▶ _ACTIVITY_: With pictures omitted, transcribe exactly the lines from the one containing "Man in a white" to the end of the records below.

(Extracted records)
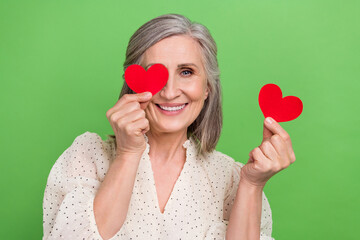 Sticker - Photo portrait of beautiful grandma hold two little heart cards cover face dressed stylish white garment isolated on green color background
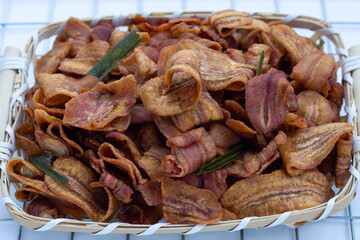 Banana slice chips in bamboo basket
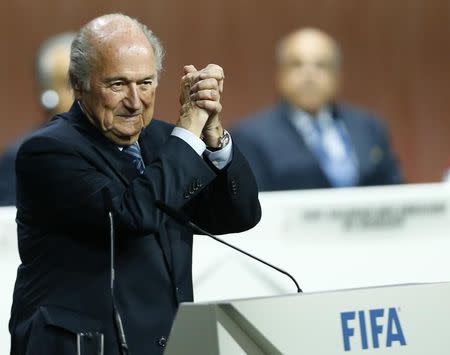 FIFA President Sepp Blatter gestures after he was re-elected at the 65th FIFA Congress in Zurich, Switzerland, May 29, 2015. REUTERS/Arnd Wiegmann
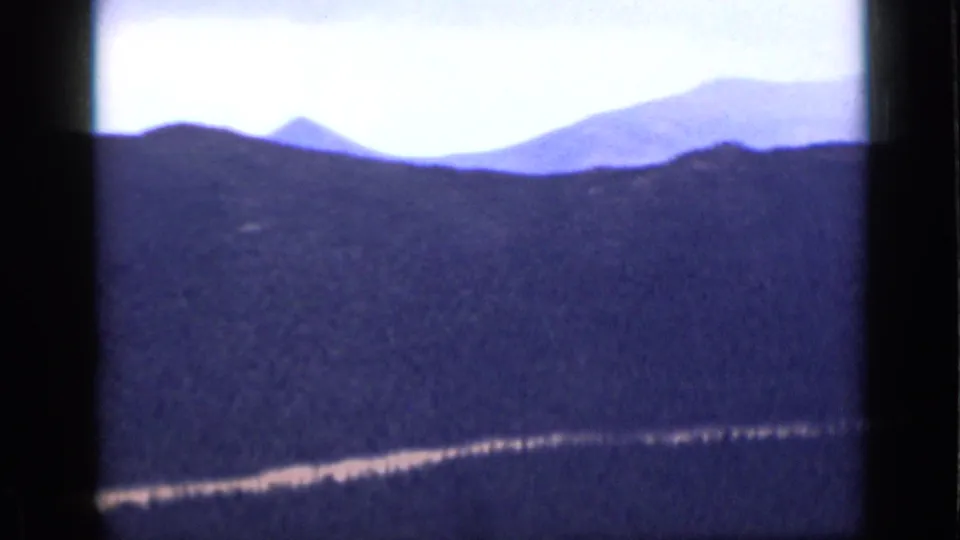 1939 Colorado 8mm frame of blue-toned mountain ridges and a light road or clearing running along the lower slope.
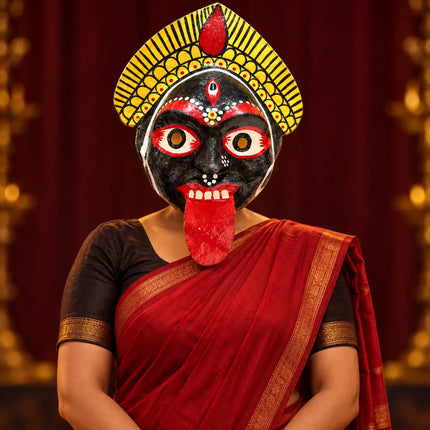 Performer styling Kali Mask with a red saree
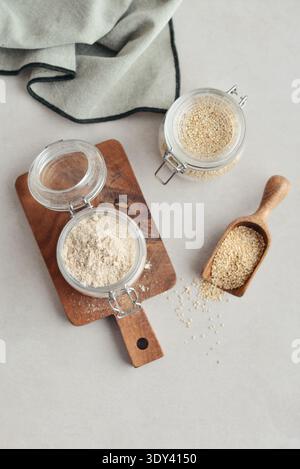 Amaranth Mehl in Glasgefäß mit roher Amaranth auf hellem Hintergrund, Draufsicht Stockfoto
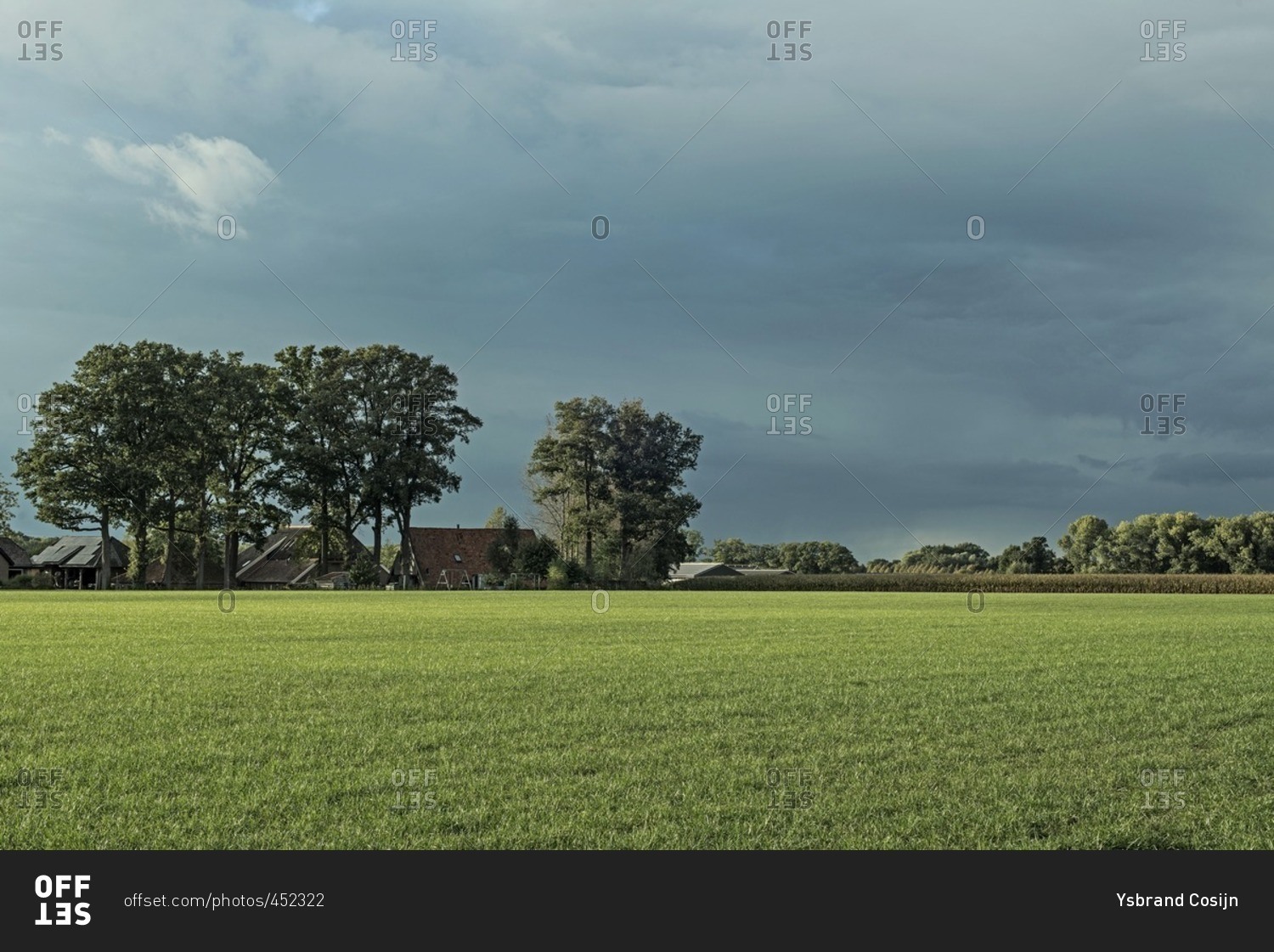 Dutch farmland with farm and trees under stormy sky, Achterhoek, Gelderland, The Netherlands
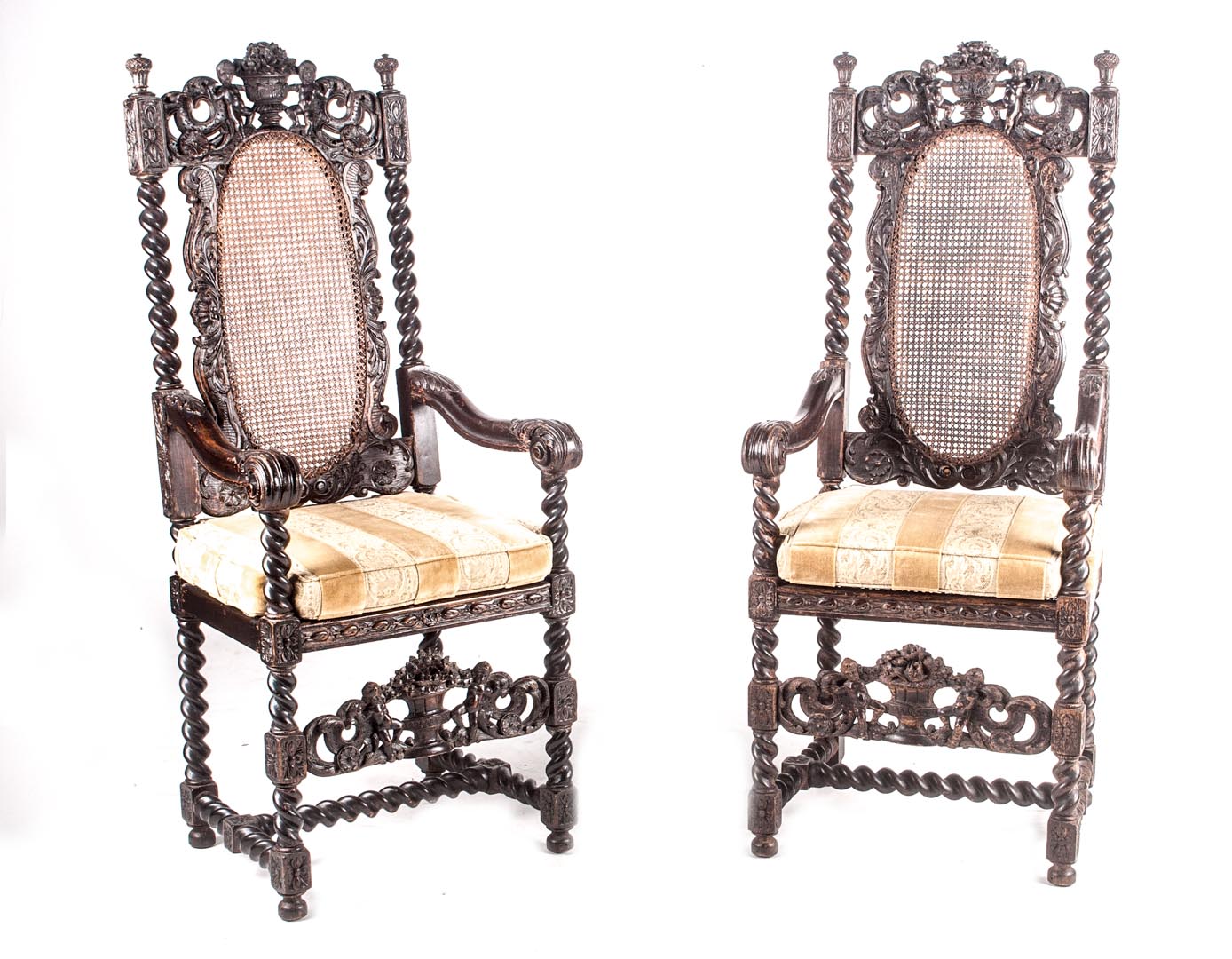 Appraisal: Pair of Jacobean style oak armchairs th century caned backs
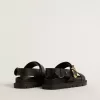 Sandalia Lucy para mujer en piel negra brillante con hebilla metálica dorada Sandalia Lucy para mujer en piel negra brillante con hebilla metálica dorada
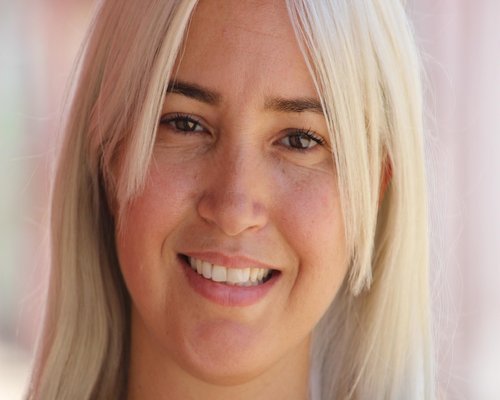 Mujer joven descansando cómodamente en su sala haciendo estiramientos de cuello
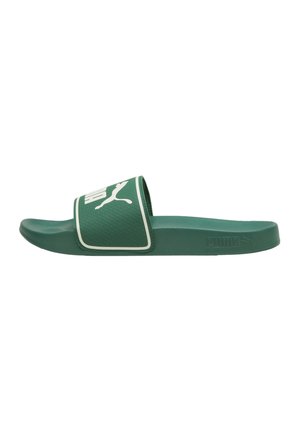 Sandale slide Puma verte avec logo blanc sur une large bride et une semelle texturée, vue de côté sur fond blanc.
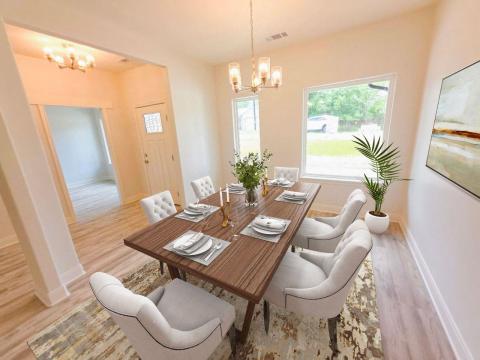 Dining area featuring a chandelier and light wood
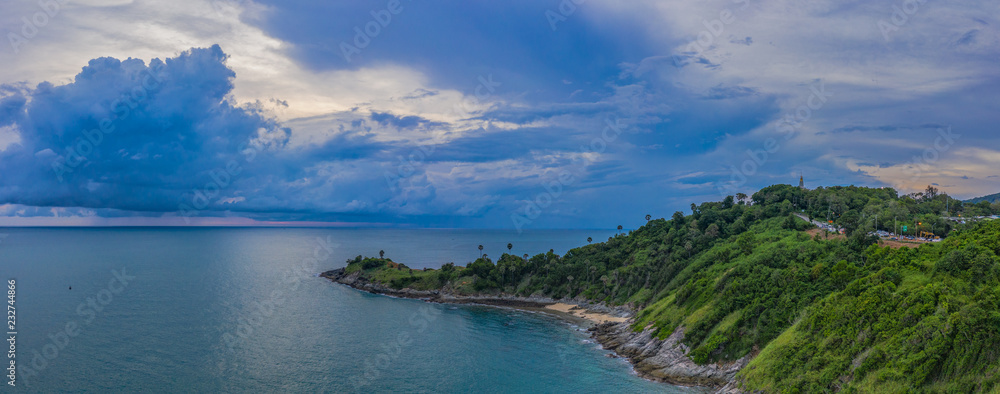 aerial view dark sunset at the rocky outcropping in the sea at Promthep cape.. Promthep cape is the most popular viewpoint in Phuket. the most tourist always come to see sunset at this landmark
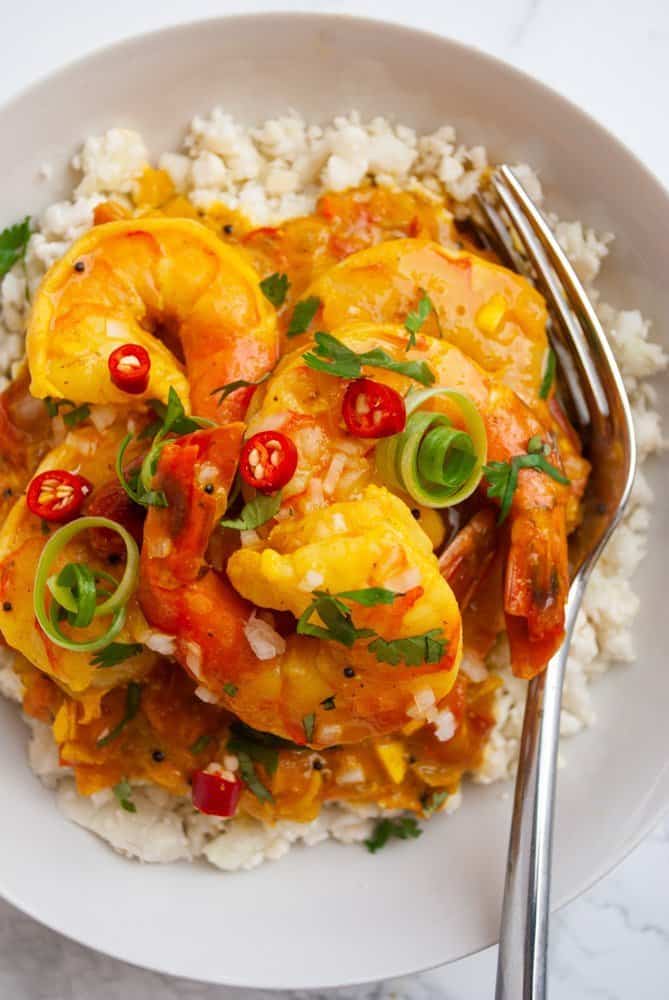 A plate of rice and shrimp curry.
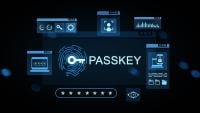Glowing blue passkey authentication concept with fingerprint hologram, password interface, and digital icons on dark background.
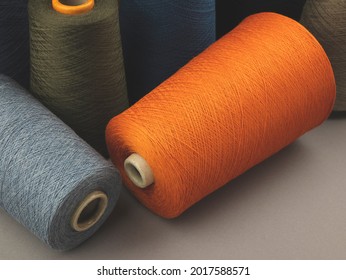 Cones of colored cotton, woolen or synthetic threads. Bobbins of yarn using in textile manufacturing and for handmade products, copy space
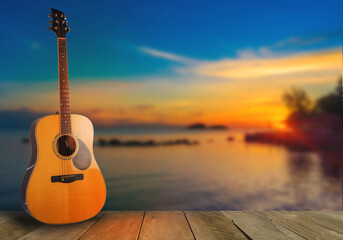 wooden guitar natural view, sea, setting sun Musical nature, wooden floors, travel, views, musical instruments, conveying music and nature.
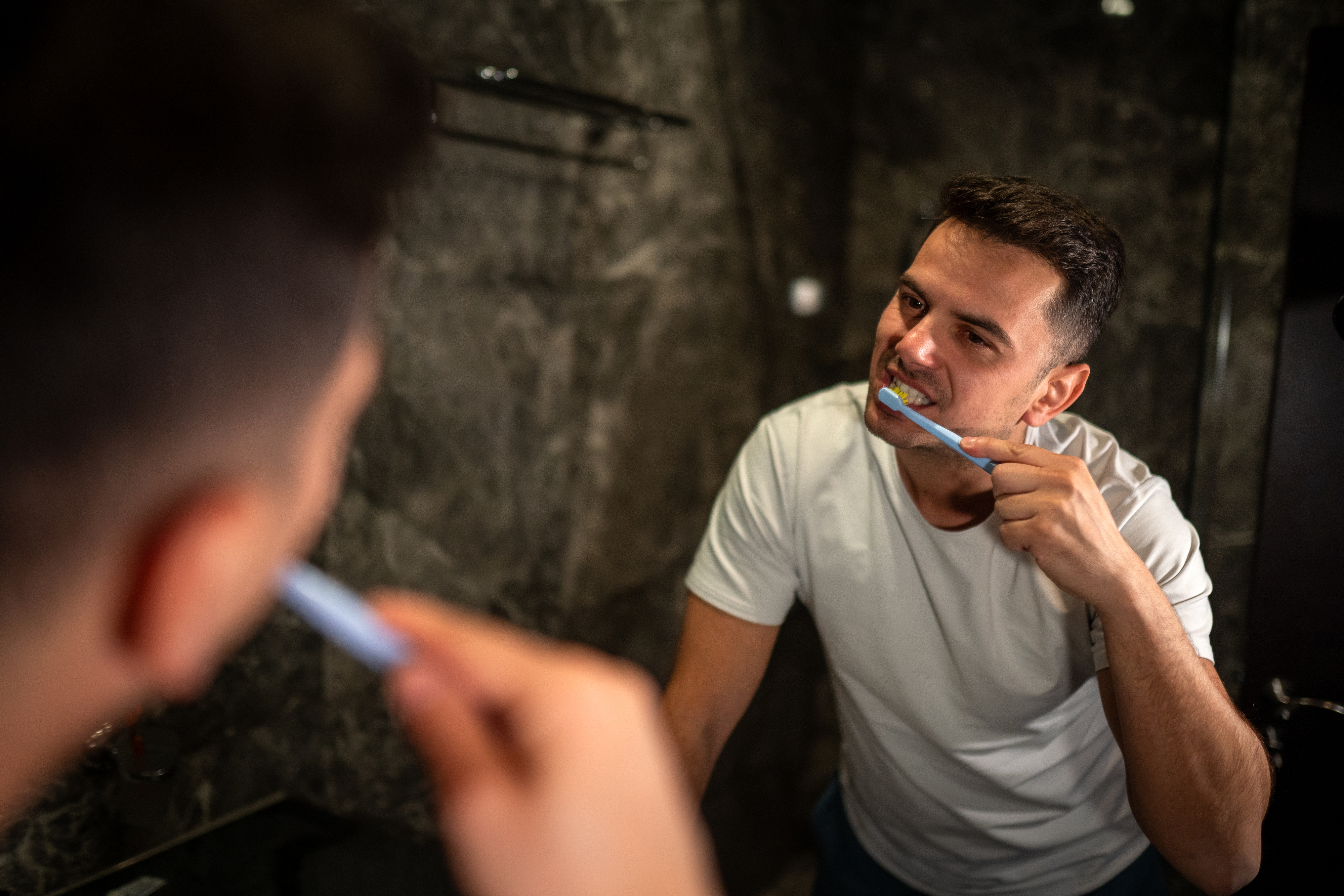 Man in a white shirt brushes his teeth reflected in a mirror in a bathroom setting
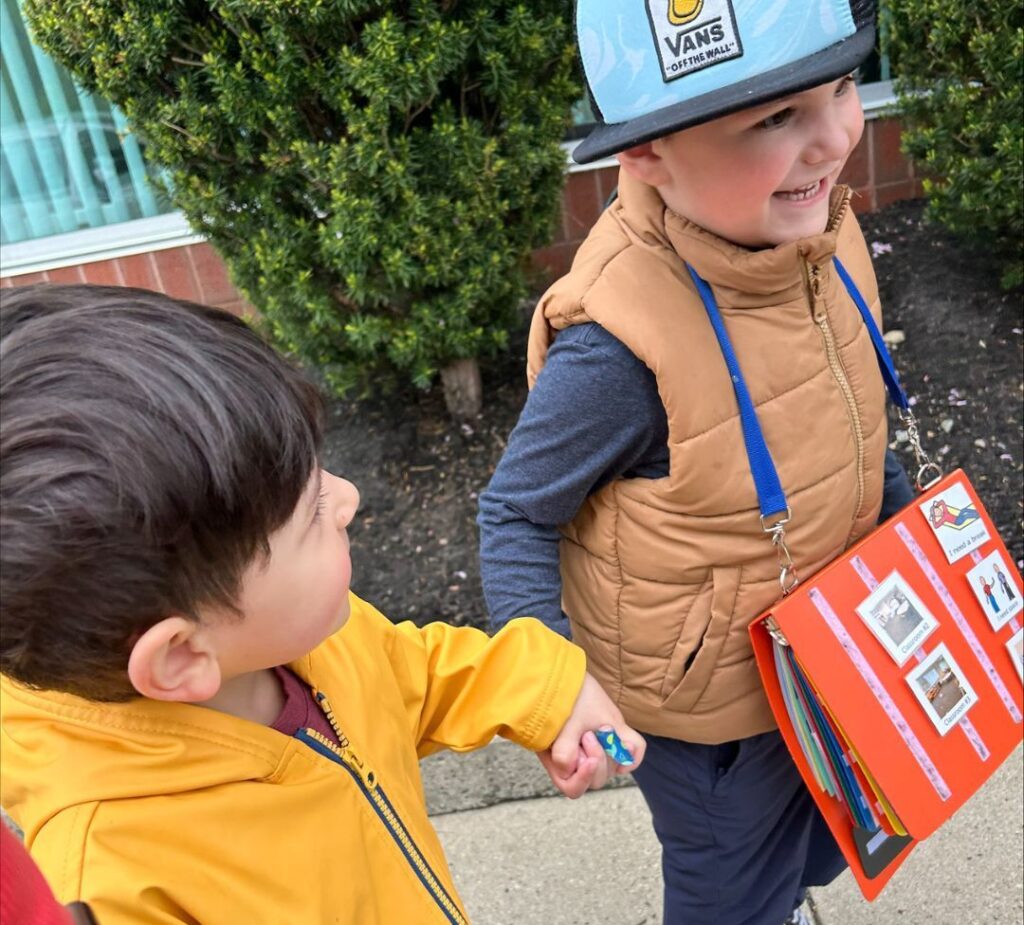 RCS Consulting Early Childhood Center students walking holding hands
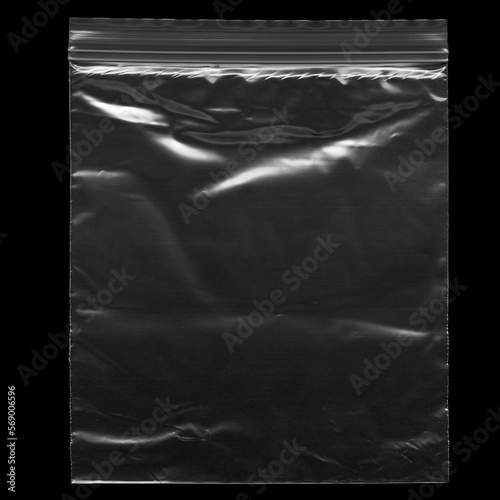 Wrinkled plastic wrap with zipper texture on a black background wallpaper. Royalty high-quality free stock photo image of realistic plastic wrap for overlay. Wrinkled plastic surface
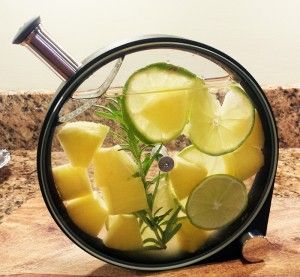 Lime, Pineapple, and Rosemary Infused Tequila  Read more at: https://fanyv88.com:443/http/puttingsomethingby.com/2013/10/01/lime-pineapple-rosemary-infused-tequila/#more-242 | Putting Something By Porthole Infuser Recipes, Tequila Infusions, Infused Tequila, Infused Liquors, Tequila Recipe, Cocktail Ideas, Glass Drink, Cocktail Photography, Evening Look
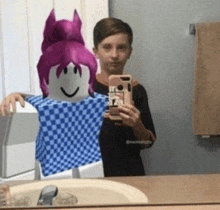 a boy is taking a selfie in a bathroom with a roblox character .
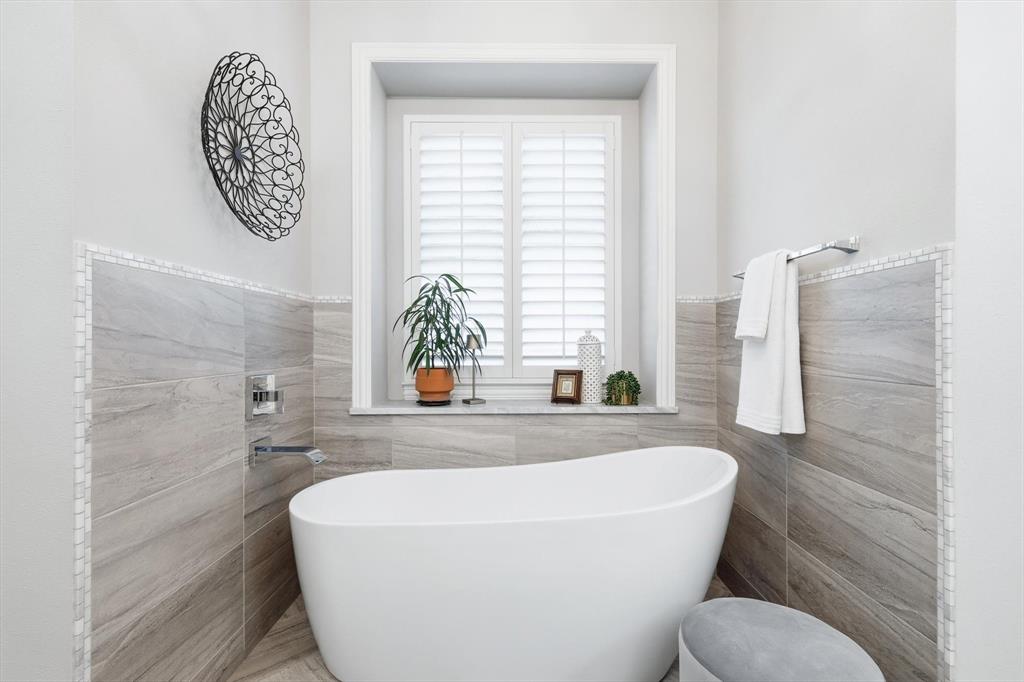 921 Winding Ridge Trail Southlake, TX 76092 - Photo 20 of 40 a white bath tub sitting next to a white toilet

▶ _SOLUTION BELOW_:
 Man in a white shirt brushes his teeth reflected in a mirror in a bathroom setting
 RCS Consulting Early Childhood Center students walking holding hands
 Wrinkled plastic wrap with zipper texture on a black background wallpaper. Royalty high-quality free stock photo image of realistic plastic wrap for overlay. Wrinkled plastic surface
 Lime, Pineapple, and Rosemary Infused Tequila  Read more at: https://fanyv88.com:443/http/puttingsomethingby.com/2013/10/01/lime-pineapple-rosemary-infused-tequila/#more-242 | Putting Something By Porthole Infuser Recipes, Tequila Infusions, Infused Tequila, Infused Liquors, Tequila Recipe, Cocktail Ideas, Glass Drink, Cocktail Photography, Evening Look
 a boy is taking a selfie in a bathroom with a roblox character .
 921 Winding Ridge Trail Southlake, TX 76092 - Photo 20 of 40 a white bath tub sitting next to a white toilet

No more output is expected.